▶ DATA
◇ ◇ ◇ ◇
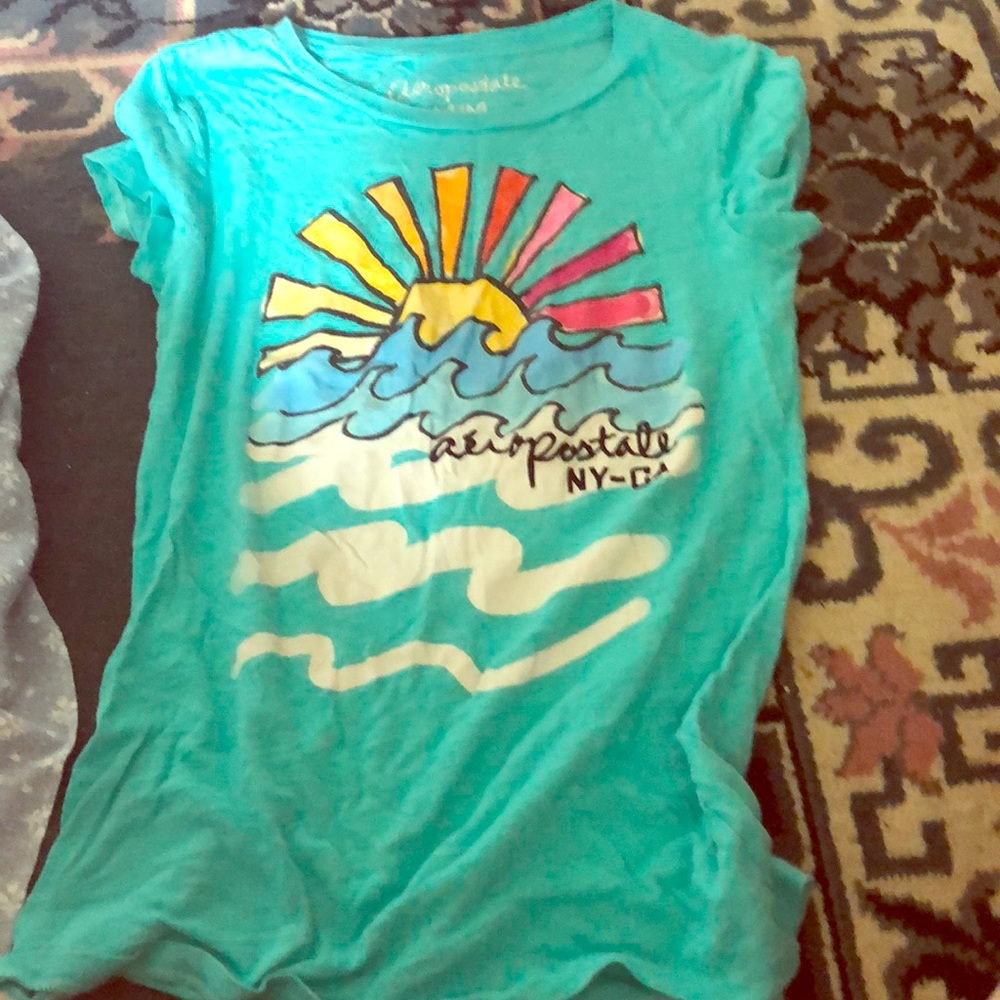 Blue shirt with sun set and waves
◇ ◇ ◇ ◇
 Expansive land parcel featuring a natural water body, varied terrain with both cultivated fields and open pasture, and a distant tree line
◇ ◇ ◇ ◇
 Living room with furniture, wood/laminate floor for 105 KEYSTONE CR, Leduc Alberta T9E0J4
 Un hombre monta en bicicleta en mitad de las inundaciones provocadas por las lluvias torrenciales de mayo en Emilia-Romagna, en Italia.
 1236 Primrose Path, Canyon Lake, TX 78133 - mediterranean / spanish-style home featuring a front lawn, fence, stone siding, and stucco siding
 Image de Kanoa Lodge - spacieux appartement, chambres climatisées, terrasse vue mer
◇ ◇ ◇ ◇
▶ ACTIVITY
All lines above from the line with "Un hombre monta" through the line with "Image de Kanoa", both included, are to be set down exactly, with nothing else.

▶ SOLUTION TO THE EXERCISE
 Un hombre monta en bicicleta en mitad de las inundaciones provocadas por las lluvias torrenciales de mayo en Emilia-Romagna, en Italia.
 1236 Primrose Path, Canyon Lake, TX 78133 - mediterranean / spanish-style home featuring a front lawn, fence, stone siding, and stucco siding
 Image de Kanoa Lodge - spacieux appartement, chambres climatisées, terrasse vue mer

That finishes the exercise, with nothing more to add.